§ Records drawn from a dataset

Content starts

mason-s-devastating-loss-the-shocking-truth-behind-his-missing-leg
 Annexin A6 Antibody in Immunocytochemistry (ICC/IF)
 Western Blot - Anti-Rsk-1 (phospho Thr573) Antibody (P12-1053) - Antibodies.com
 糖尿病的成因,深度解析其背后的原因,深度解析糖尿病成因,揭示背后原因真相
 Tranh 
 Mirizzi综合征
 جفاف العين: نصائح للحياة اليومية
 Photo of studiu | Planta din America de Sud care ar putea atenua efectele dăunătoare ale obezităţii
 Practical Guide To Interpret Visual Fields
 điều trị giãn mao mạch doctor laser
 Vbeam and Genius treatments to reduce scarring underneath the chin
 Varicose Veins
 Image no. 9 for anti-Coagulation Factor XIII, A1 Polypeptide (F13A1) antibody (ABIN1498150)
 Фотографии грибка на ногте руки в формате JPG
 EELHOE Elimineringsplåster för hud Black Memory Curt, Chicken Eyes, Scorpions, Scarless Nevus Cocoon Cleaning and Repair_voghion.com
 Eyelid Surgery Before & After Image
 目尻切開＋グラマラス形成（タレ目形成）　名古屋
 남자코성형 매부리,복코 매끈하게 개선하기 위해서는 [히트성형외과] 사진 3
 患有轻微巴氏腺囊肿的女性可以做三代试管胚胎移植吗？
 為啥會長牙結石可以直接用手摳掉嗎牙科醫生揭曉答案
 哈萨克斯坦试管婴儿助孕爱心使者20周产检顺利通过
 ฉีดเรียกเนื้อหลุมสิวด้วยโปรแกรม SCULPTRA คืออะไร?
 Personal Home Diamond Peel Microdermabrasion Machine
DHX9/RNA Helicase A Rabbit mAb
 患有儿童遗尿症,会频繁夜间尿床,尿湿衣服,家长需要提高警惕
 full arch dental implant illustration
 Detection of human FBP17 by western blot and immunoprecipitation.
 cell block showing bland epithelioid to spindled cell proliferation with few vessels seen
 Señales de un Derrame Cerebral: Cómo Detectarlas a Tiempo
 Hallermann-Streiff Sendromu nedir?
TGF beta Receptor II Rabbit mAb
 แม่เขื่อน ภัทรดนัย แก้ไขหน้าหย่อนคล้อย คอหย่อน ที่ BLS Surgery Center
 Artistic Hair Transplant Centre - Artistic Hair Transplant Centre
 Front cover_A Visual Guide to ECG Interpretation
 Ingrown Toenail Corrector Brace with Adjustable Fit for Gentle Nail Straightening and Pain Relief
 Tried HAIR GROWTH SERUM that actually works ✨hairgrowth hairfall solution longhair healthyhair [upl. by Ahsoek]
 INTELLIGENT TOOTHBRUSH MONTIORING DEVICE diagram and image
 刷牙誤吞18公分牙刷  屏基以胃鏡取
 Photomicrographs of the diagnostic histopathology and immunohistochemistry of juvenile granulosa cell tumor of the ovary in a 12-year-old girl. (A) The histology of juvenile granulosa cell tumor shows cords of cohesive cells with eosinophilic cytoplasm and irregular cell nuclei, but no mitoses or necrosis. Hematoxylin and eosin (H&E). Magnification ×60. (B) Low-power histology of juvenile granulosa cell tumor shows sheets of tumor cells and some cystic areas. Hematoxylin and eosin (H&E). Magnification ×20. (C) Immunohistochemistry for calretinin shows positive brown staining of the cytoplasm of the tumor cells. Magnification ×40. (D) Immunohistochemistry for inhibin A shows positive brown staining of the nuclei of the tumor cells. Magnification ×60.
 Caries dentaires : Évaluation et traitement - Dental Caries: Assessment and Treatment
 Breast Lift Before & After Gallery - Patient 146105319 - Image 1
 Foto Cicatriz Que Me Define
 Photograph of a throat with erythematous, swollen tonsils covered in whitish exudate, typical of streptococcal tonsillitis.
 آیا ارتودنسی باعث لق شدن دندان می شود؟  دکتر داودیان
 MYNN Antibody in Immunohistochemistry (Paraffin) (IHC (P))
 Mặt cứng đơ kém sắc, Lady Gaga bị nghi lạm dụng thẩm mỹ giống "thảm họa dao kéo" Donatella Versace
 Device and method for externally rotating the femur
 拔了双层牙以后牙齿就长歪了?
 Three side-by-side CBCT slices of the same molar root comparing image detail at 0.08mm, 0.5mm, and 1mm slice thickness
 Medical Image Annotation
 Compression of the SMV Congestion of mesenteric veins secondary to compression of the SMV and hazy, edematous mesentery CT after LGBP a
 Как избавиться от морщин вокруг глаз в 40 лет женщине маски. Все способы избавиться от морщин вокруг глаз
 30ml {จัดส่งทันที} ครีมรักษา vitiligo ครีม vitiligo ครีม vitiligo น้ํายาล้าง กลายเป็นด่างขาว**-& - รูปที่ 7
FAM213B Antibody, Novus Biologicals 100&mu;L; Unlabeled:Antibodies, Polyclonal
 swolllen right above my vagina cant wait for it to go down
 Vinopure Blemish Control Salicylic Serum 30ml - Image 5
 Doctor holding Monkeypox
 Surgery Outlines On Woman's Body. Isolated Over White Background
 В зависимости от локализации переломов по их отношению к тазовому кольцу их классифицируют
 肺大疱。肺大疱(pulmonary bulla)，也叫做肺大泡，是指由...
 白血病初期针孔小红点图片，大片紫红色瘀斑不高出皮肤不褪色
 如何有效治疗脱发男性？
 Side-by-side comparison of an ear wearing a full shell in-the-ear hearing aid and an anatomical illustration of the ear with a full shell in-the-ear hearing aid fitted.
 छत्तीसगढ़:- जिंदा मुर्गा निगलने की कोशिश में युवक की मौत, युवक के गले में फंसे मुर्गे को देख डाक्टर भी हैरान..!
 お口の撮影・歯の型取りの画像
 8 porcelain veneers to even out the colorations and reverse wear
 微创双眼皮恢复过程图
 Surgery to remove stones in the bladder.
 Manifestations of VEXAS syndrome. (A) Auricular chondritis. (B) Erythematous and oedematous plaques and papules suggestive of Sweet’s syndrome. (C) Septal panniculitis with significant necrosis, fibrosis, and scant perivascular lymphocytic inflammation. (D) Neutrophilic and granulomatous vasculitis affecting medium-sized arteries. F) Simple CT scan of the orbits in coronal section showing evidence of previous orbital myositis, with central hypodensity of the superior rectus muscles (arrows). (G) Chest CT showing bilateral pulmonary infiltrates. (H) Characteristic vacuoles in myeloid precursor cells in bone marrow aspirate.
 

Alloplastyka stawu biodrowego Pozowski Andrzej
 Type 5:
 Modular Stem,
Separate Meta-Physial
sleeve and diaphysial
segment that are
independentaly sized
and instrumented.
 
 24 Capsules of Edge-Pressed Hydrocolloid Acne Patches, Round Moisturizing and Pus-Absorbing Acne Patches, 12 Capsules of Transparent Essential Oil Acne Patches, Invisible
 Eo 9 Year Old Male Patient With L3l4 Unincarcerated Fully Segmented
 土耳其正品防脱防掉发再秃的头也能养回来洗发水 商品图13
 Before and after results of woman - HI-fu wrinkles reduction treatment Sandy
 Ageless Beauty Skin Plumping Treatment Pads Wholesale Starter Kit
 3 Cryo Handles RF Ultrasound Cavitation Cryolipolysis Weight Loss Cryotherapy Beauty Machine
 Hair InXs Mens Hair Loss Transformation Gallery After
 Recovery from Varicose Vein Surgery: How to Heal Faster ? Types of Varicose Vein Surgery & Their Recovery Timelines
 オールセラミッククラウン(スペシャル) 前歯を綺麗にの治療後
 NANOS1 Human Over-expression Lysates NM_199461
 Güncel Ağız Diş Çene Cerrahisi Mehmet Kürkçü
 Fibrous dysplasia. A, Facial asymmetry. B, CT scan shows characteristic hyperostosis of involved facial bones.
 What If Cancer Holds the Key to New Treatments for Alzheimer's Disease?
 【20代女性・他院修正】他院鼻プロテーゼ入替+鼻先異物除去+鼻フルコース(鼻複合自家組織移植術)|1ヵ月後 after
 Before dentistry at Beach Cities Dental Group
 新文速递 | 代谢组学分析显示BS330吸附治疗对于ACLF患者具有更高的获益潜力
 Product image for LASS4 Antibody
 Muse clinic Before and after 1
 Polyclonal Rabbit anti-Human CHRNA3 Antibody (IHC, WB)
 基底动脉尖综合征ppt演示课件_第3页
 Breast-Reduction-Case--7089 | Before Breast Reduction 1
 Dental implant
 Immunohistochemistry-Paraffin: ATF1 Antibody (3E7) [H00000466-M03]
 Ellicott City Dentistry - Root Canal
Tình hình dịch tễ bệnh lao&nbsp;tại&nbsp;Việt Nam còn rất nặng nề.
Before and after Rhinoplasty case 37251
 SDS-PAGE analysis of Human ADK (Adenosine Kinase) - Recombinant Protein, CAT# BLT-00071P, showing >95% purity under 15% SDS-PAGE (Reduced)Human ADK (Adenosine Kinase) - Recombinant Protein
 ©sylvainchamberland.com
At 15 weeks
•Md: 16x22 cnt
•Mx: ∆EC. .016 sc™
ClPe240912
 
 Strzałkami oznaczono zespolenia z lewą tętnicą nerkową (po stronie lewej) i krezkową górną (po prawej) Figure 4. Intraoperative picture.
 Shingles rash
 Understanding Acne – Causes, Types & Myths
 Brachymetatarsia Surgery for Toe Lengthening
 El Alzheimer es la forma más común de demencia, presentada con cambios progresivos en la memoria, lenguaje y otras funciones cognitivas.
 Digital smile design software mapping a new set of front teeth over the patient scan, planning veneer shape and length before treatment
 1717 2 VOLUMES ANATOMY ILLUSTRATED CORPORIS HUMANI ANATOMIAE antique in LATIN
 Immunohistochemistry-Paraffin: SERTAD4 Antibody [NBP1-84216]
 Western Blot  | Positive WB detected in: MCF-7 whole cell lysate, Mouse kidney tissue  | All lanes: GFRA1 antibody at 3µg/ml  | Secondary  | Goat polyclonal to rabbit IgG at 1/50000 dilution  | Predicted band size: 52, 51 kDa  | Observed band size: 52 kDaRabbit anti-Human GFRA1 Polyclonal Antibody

Content ends

§ TASK INSTRUCTIONS
Find the string "Types" in the data. Report each line it appears in.

§ OUTPUT OF THE EXERCISE
 Recovery from Varicose Vein Surgery: How to Heal Faster ? Types of Varicose Vein Surgery & Their Recovery Timelines
 Understanding Acne – Causes, Types & Myths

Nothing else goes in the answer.